Me Léon de Malevoy montra le contrat et les quittances.

Les Compagnons du Trésor, y compris le comte Corona, sortirent de l’étude complètement désorientés et navrés.

La grande association des Habits Noirs, ruinée de fond en comble, avait à travailler sur nouveaux frais comme une bande de coquins vulgaires. Il lui fallait gagner le pain du jour.

Cependant, les morts continuèrent de s’accumuler autour de ces introuvables amas de richesses.

Francesca Corona, pauvre belle créature, tomba la première, portant la peine de l’apparente confiance et de la tendresse réelle que le colonel Bozzo lui avait témoignées.

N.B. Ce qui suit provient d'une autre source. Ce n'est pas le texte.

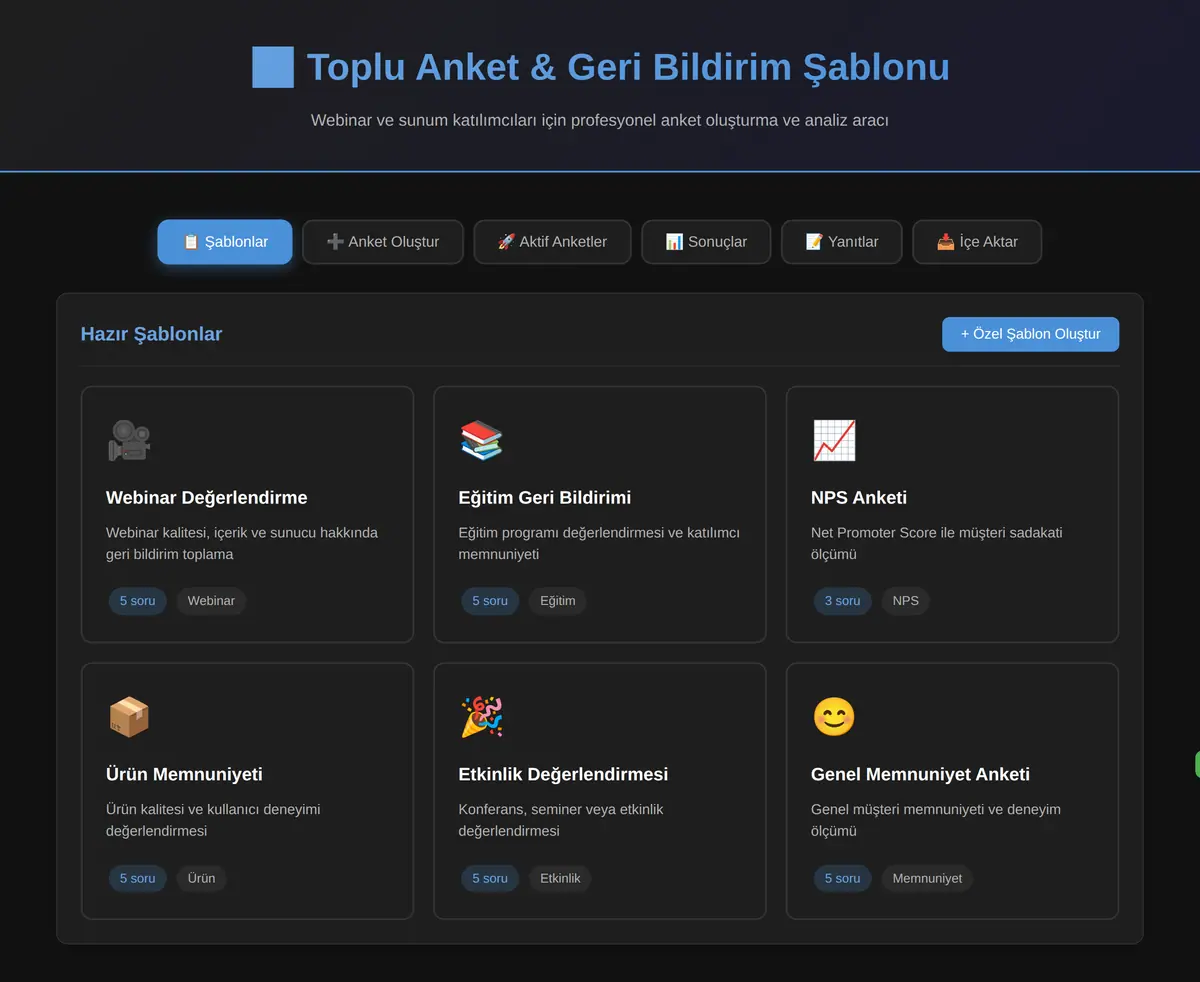 Toplu Anket & Geri Bildirim Şablonu ekran görüntüsü 3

Le colonel, pourtant l’avait trompée comme il avait trompé les autres. Il ne lui avait rien donné, rien confié en mourant. Mais comment croire à une obstination si extravagante? Il y avait une opinion répandue parmi les Habits Noirs, c’est que Fanchette avait reçu de son aïeul le secret de l’association, le fameux scapulaire de la Merci et la clef du trésor.

Le comte Corona fit comme ces enfants qui brisent leurs jouets pour voir ce qu’il y a dedans.

Il tua Francesca, sa femme, et ne sut rien.

Mais les autres crurent qu’il savait, et le comte Corona, à son tour, fut assassiné.

Cet or amoncelé amenait fatalement autour de soi les mœurs des pays d’or. On tuait ici comme dans les placers de la Sonora, comme dans les claims de l’Australie.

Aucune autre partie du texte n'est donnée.